■ **Dataset content**:

>>

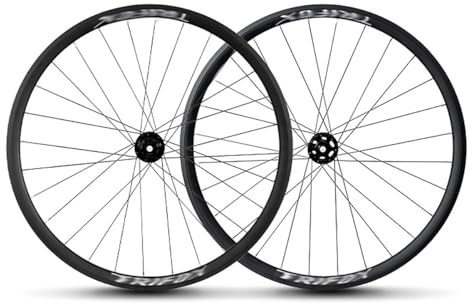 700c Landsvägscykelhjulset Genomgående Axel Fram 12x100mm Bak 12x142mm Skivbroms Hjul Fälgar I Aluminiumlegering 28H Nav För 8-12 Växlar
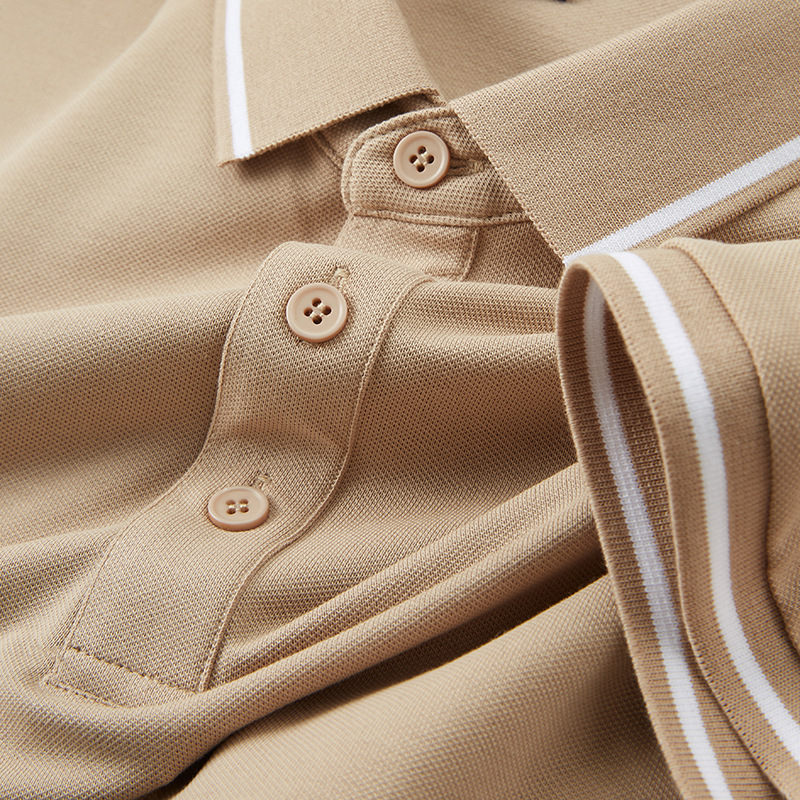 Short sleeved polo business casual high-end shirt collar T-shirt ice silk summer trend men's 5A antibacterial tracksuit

<<
>>

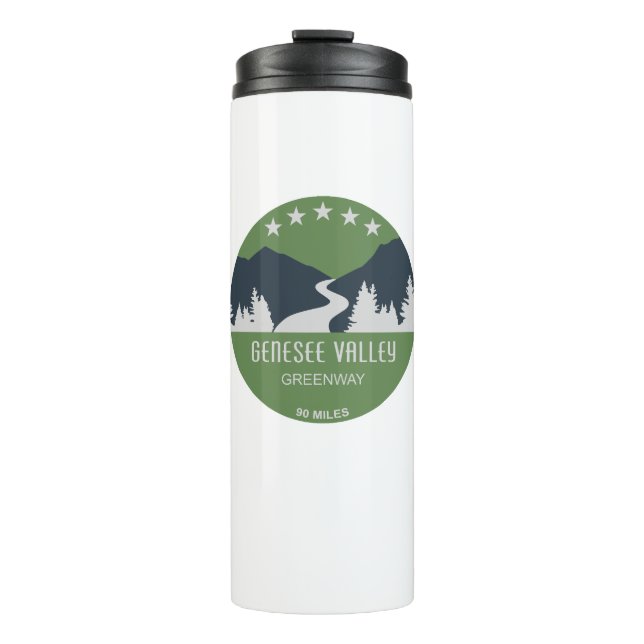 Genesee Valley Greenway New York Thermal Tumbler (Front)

<<

■ **Work to complete**:
Copy the lines above exactly, starting with the line that contains "700c Landsvägscykelhjulset Genomgående" and ending with the line that contains "Short sleeved polo", and leave out any pictures.

■ **Answer to this task**:
 700c Landsvägscykelhjulset Genomgående Axel Fram 12x100mm Bak 12x142mm Skivbroms Hjul Fälgar I Aluminiumlegering 28H Nav För 8-12 Växlar
 Short sleeved polo business casual high-end shirt collar T-shirt ice silk summer trend men's 5A antibacterial tracksuit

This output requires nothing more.